> _Data section_
---------------
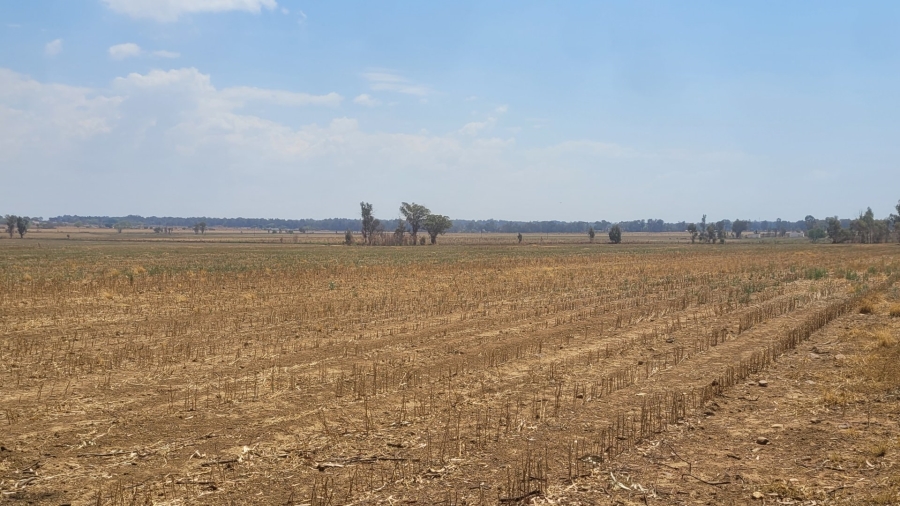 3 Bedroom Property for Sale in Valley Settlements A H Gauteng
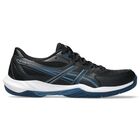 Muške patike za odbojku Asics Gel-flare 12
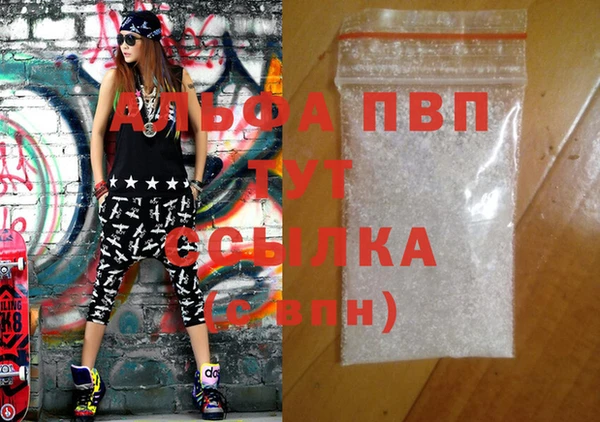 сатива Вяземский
---------------
> _To do_
Set down the data above word for word, leaving every picture out.

> _Exercise answer_
 3 Bedroom Property for Sale in Valley Settlements A H Gauteng
 Muške patike za odbojku Asics Gel-flare 12
 сатива Вяземский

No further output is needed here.